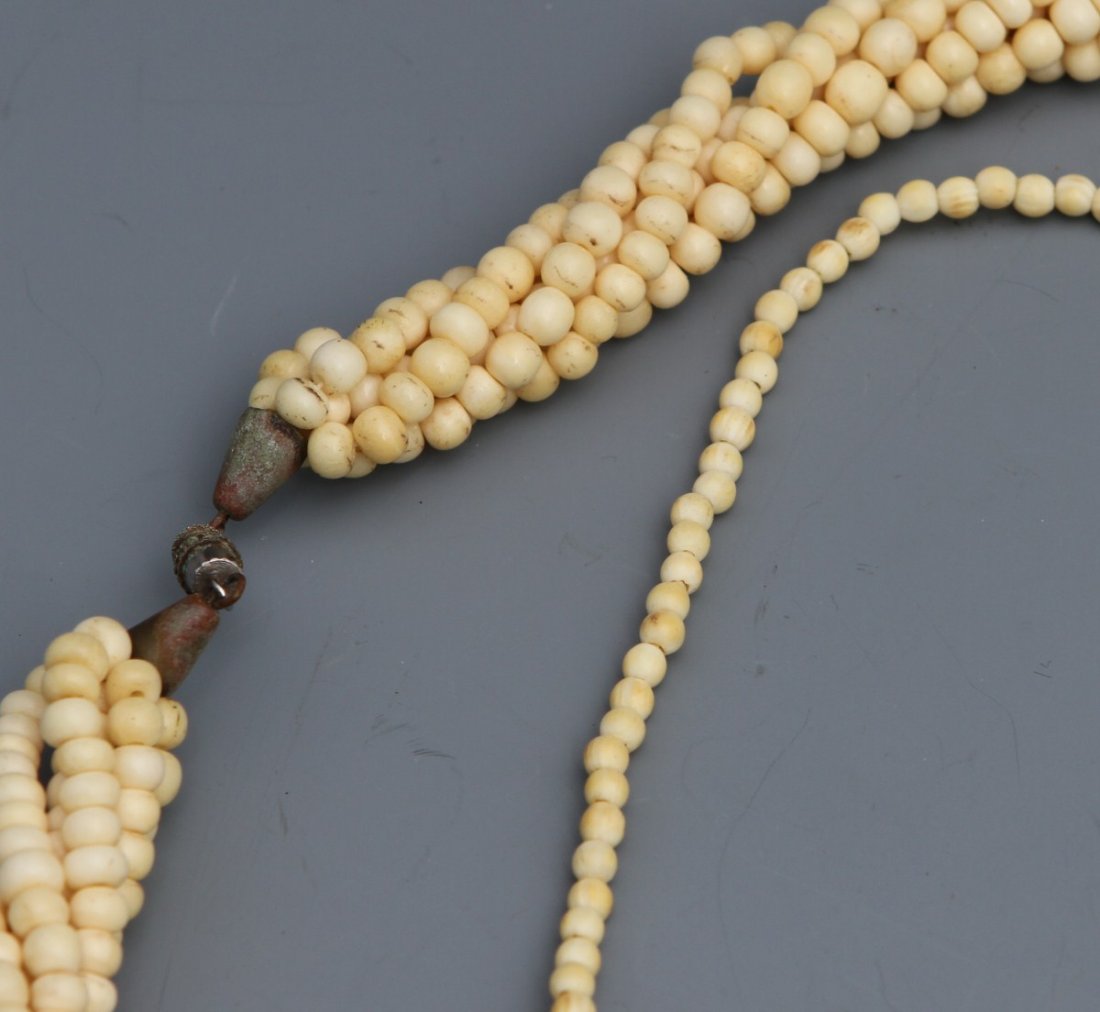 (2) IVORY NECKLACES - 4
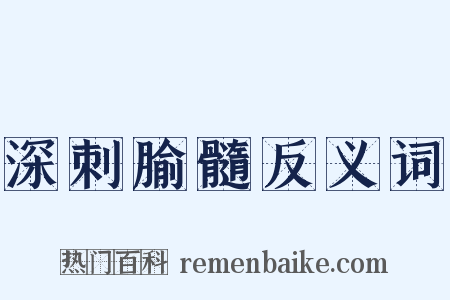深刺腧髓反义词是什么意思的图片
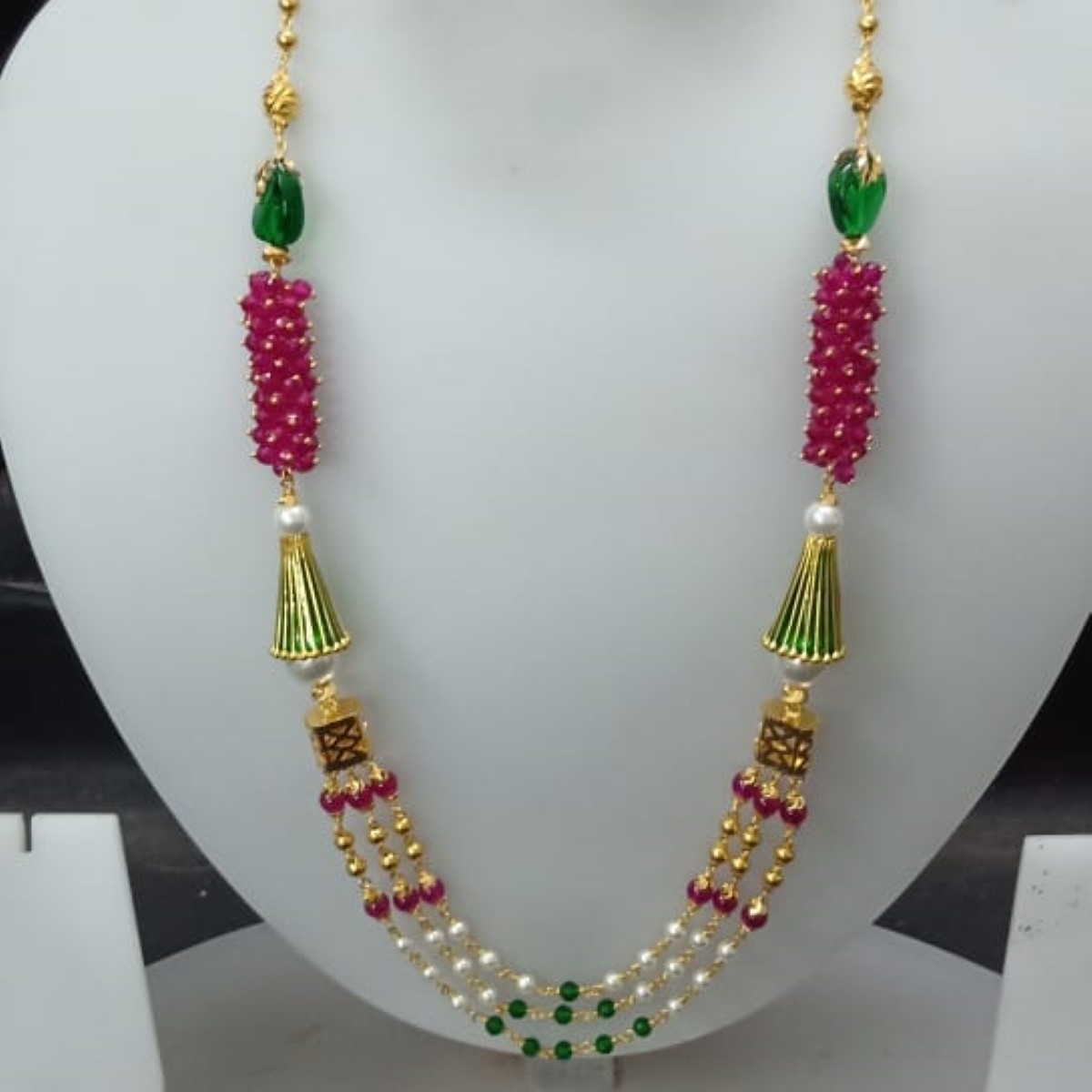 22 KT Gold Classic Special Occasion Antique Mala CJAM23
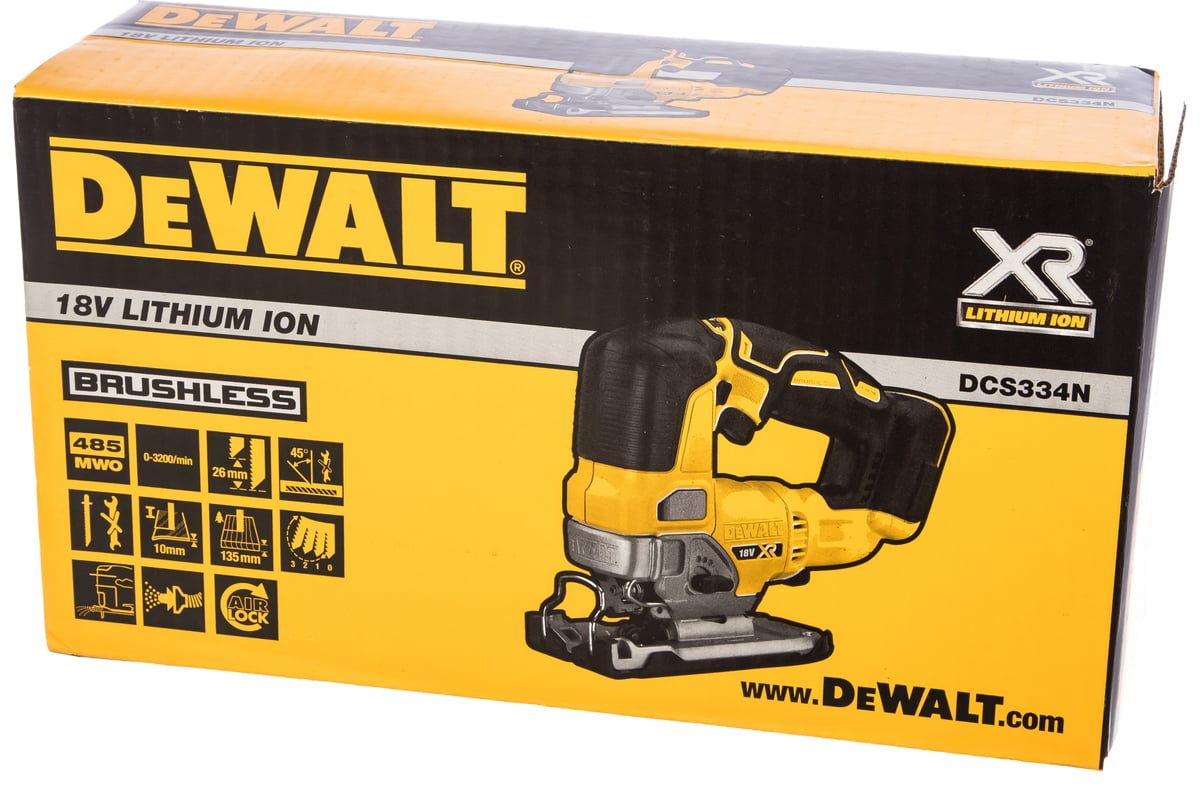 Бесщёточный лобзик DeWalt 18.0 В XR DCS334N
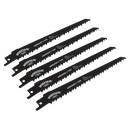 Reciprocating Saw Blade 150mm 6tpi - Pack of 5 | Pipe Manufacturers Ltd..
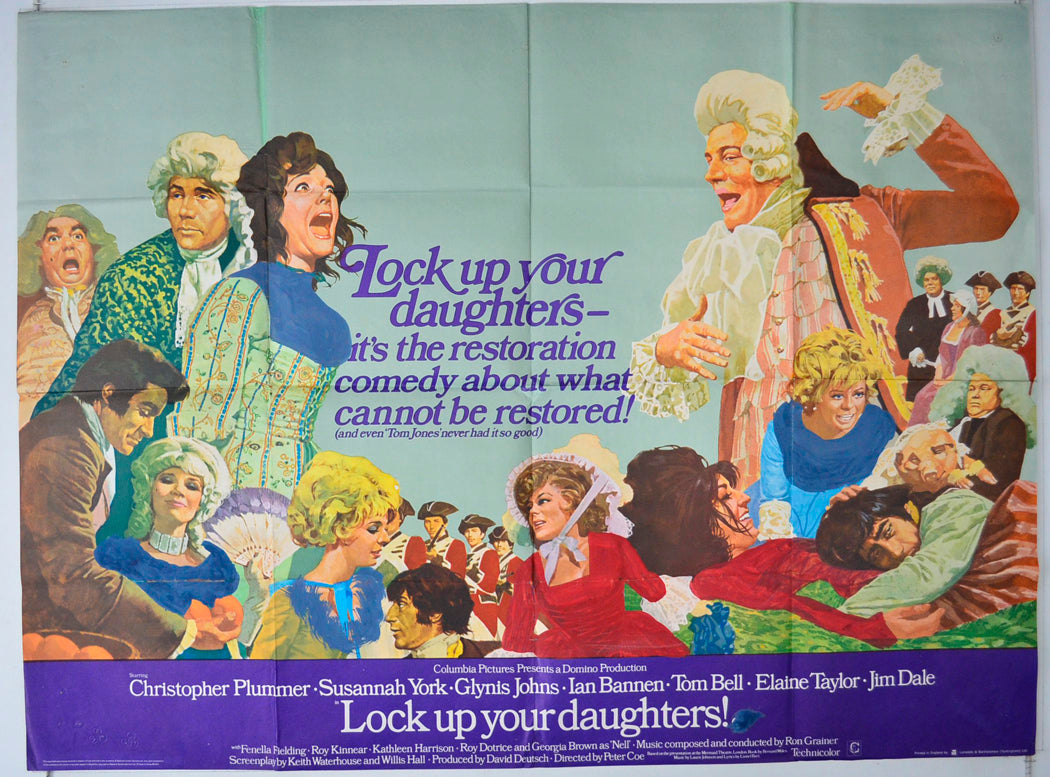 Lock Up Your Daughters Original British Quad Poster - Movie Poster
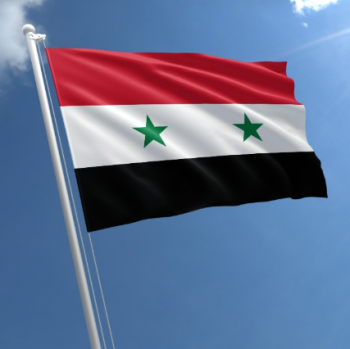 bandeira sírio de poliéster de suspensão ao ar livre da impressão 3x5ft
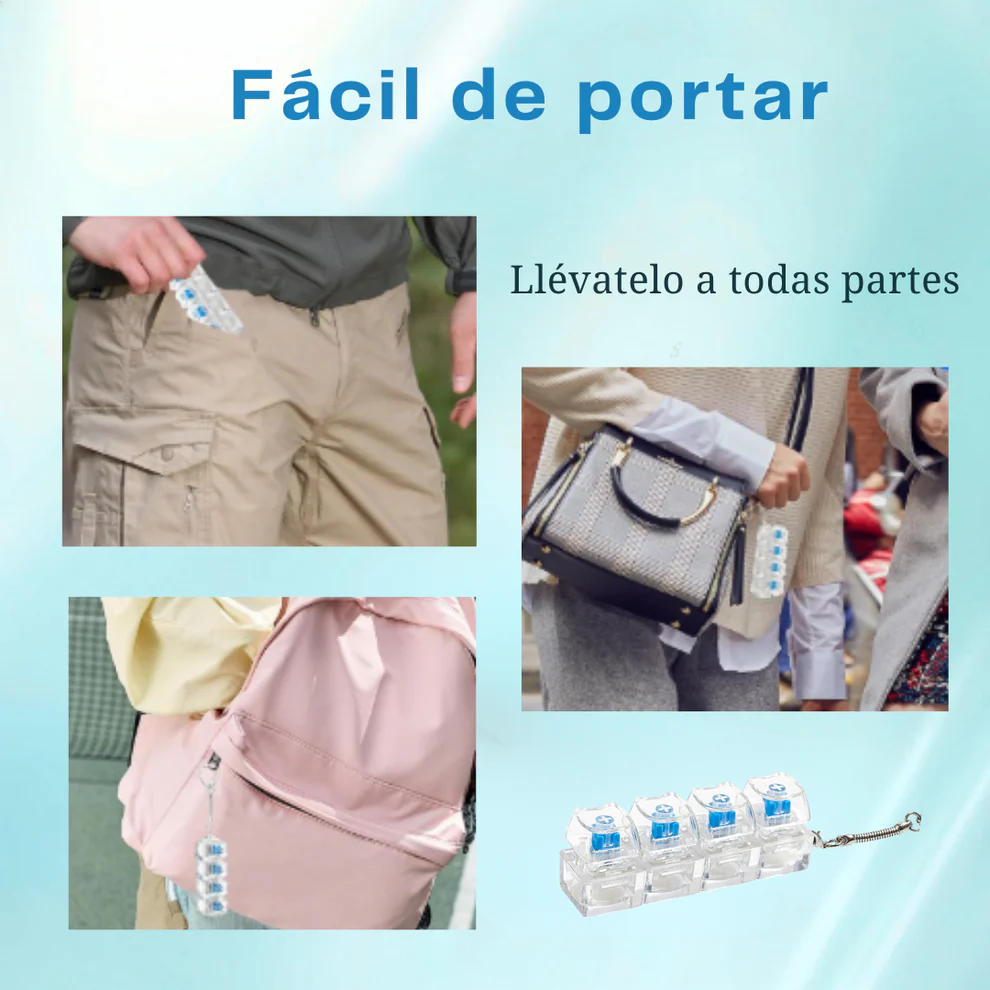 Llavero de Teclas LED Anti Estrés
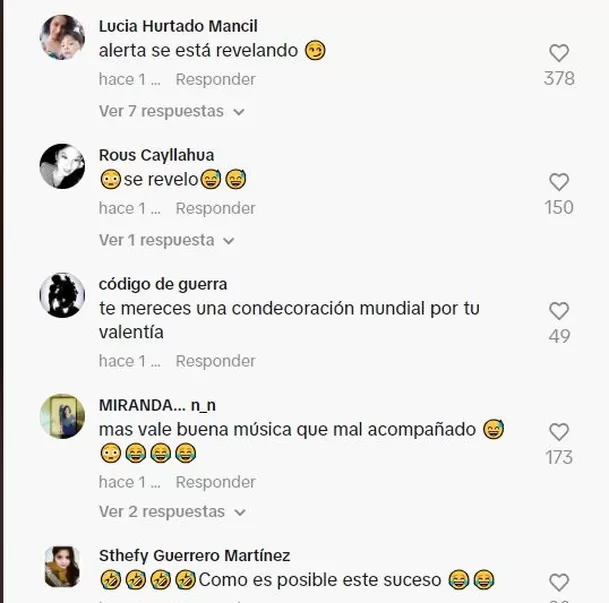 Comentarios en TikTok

◇ ◇ ◇ ◇

▸ EXERCISE PROMPT
Although pictures appear among the records above, none are to be output; print exactly the lines from the line containing "Бесщёточный лобзик DeWalt 18.0 В XR DCS334N" through the line containing "Llavero de Teclas LED Anti Estrés".

▸ TASK ANSWER
 Бесщёточный лобзик DeWalt 18.0 В XR DCS334N
 Reciprocating Saw Blade 150mm 6tpi - Pack of 5 | Pipe Manufacturers Ltd..
 Lock Up Your Daughters Original British Quad Poster - Movie Poster
 bandeira sírio de poliéster de suspensão ao ar livre da impressão 3x5ft
 Llavero de Teclas LED Anti Estrés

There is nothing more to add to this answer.